Build Status

Html Analyzer

The aim of the project is simply to analyze the html document for the any given url. The analyze contains the following points:

  • Html Document Type:
    The analyzer tries to find the document type declaration line and to match the document type by some defined Regular Expressions. HTML5, XMTML and HTML4 types are supported.

  • Page Title:
    The analyzer tries to find the page title.

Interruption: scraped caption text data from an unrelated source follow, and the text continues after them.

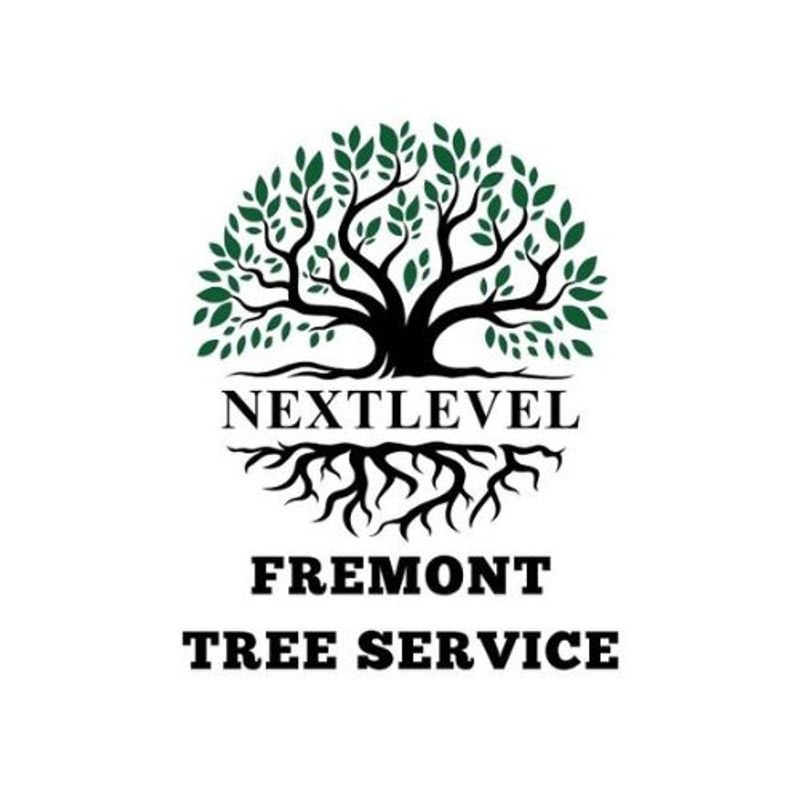NextLevel Fremont Tree Services
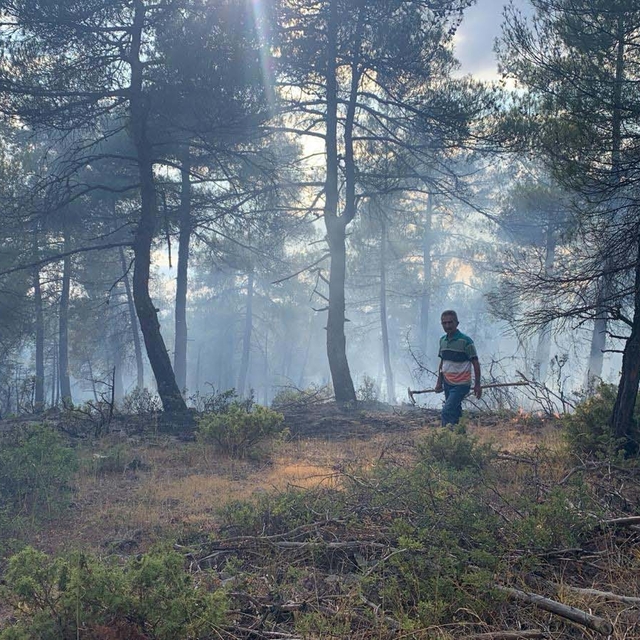 Yıldımı düşen ormanda çıkan yangında 1 hektar alan zarar gördü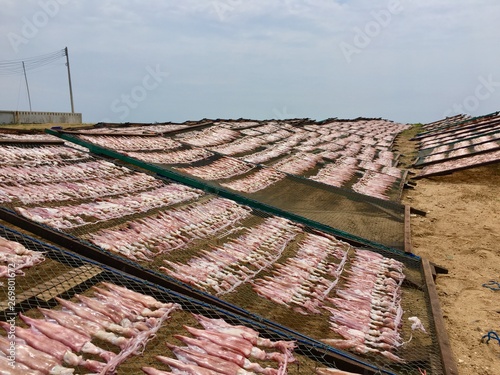 Natural dried octopus seafood in thailand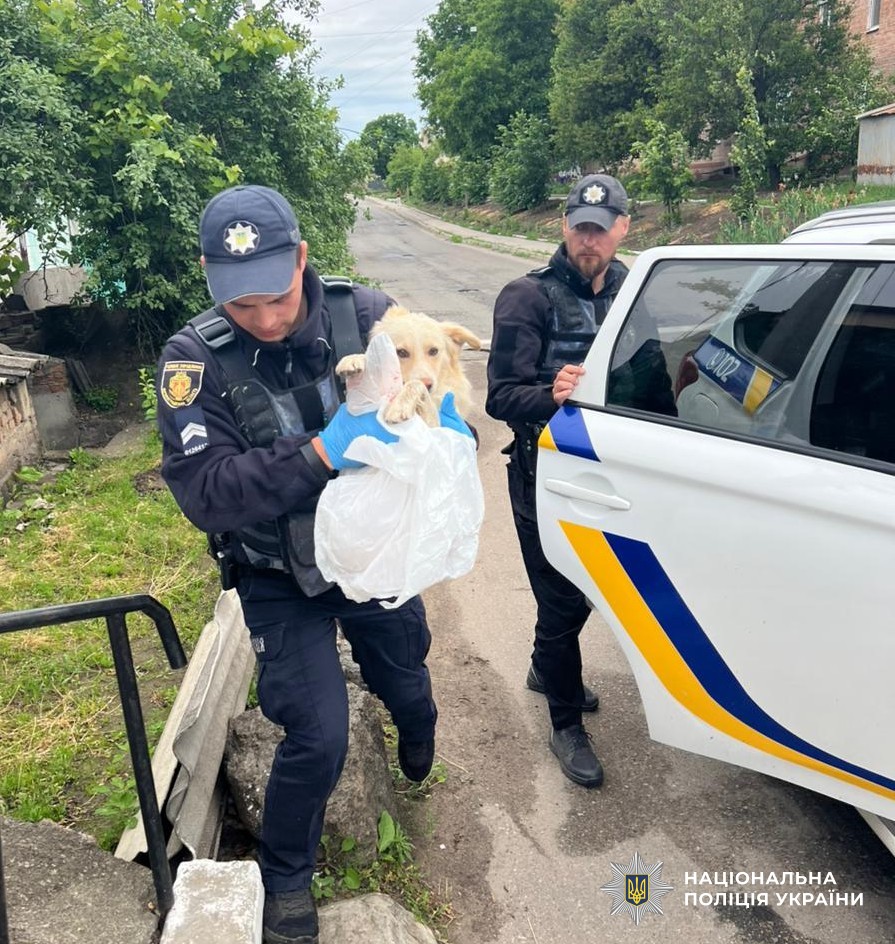 Поліцейські рятують тварину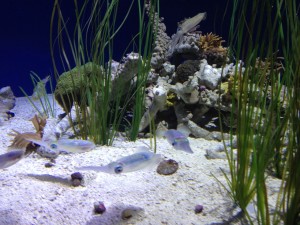 Irridescent Squid Monterery Bay Aquarium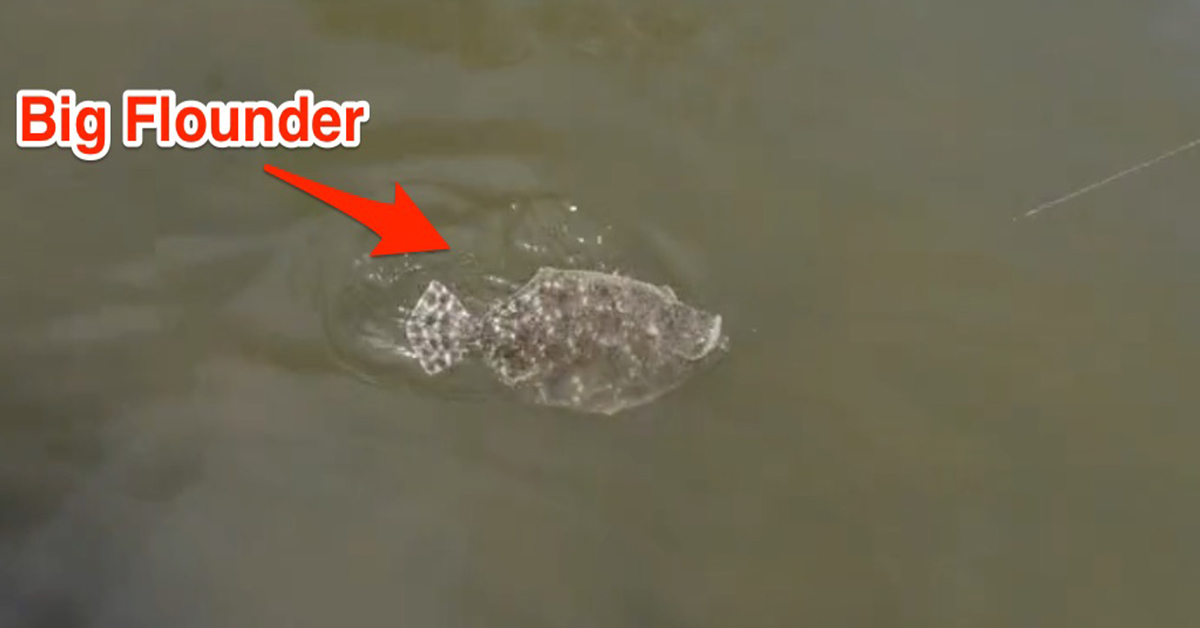 big flounder on fluke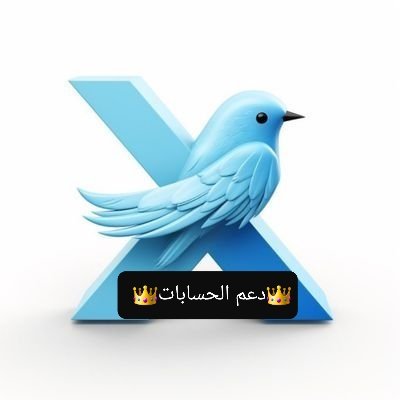 👑دعم الحسابات👑 tweet media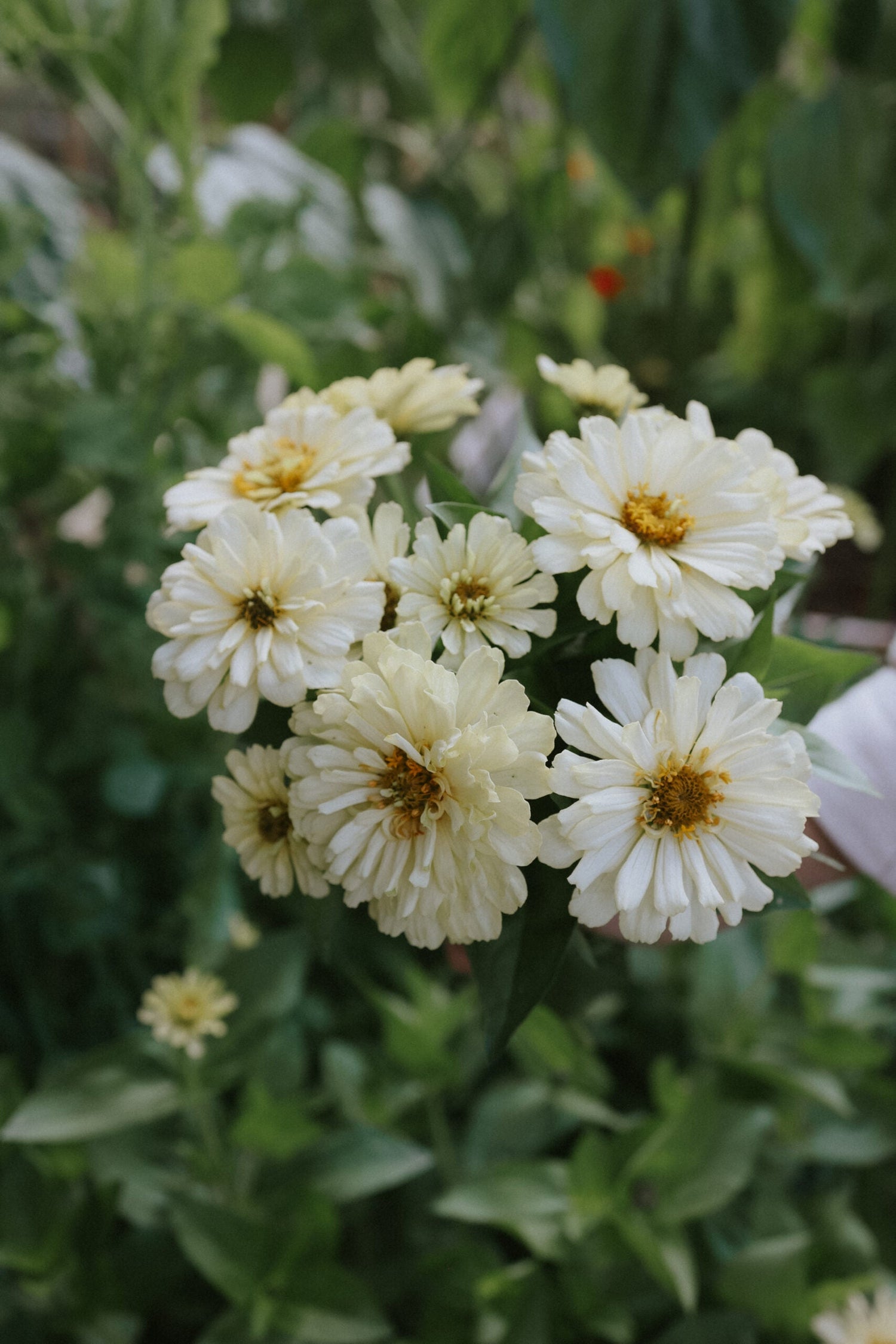 Zinnia - Dreamland Ivory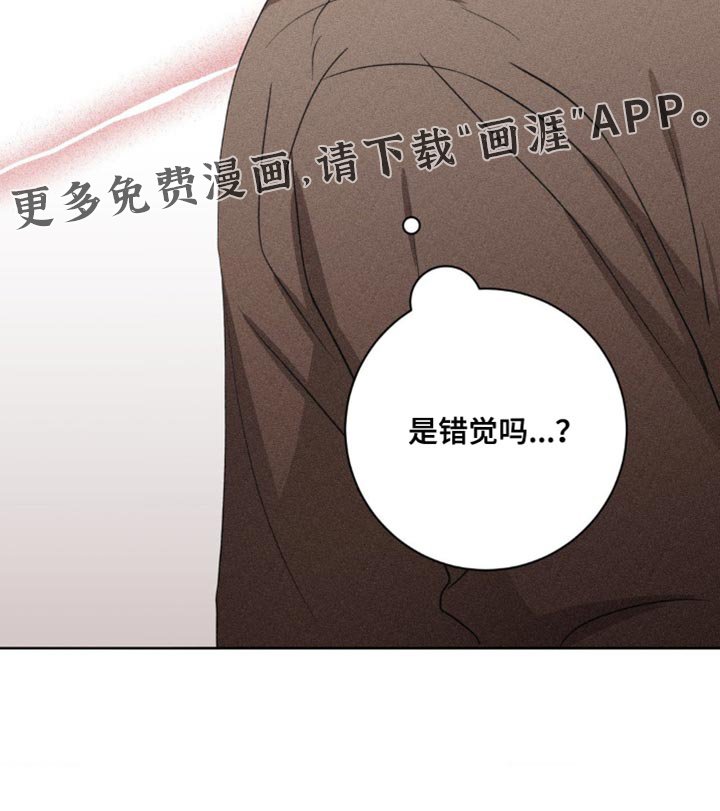 第60章：错觉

  • Heading level occurrences:
    The analyzer tries to count the occurrence of the headings by their levels.

  • Hypermedia links:
    The analyzer tries to count the internal and external hypermedia links. a[href], link[href], area[href], img[src], script[src] are supported.

  • Login form detection:
    The analyzer tries to determine whether a login form exists in the page. There are two logic defined to determine the login form. The page should contain at least a form element:

    • If the form element contains ONLY one password field then it is assumed as a login form.
    • If the following rules apply to the form then it is assumed as a two step login form.
      • The form method is POST.
      • The action contains a specific keyword defined in a dictionary. (The dictionary file can be found under resources folder)
      • The form contains ONLY one text field and its name (if name is not defined then id) contains a specific keyword defined in a dictionary. (The dictionary file can be found under resources folder)

How to run

Run the any of the following commands in the project directory.

  • Maven:
mvn clean compile exec:java
  • Docker:
# Build the docker image
docker build -t htmlanalyzer .
# Run the image
docker run -p 4567:4567 htmlanalyzer:latest
  • Java command:
mvn clean package
java -jar ./target/htmlanalyzer-jar-with-dependencies.jar

The web server listens on the port 4567. Please open the the following url in your browser.

http://localhost:4567

How to test

Run the following command in the project directory.

mvn clean test

Please see the code covarage here.

Improvements

  • Html analyzing can be improved by rendering javascipt.
  • The document type detection can be improved by implementing more types.
  • Hypermedia detection can be improved by adding detection for embedded object and applet types.
  • Internal hypermedia detection can be improved by detecting sub domain.
  • Two step login check can be improved by checking two text input fields exists and their name exist in the dictionary. (e.g. a form contains two text field like username and email)
  • A configuration solution can be introduced in order to store http listen port, dictionary file locations logging configuration or http url connection configuration, etc.
  • Test coverage can be improved to cover all the source.

Requirements

  • Java 8
  • jsoup (1.10.1) library (for html parsing)
  • sparkjava (2.5.2) library (for simple web application)
  • apache commons-io (2.5)
  • junit (4.12), mockito (2.0.42-beta), powermock (1.6.6)
  • Bootstrap Framework (3.3.7) & Jquery (3.1.1)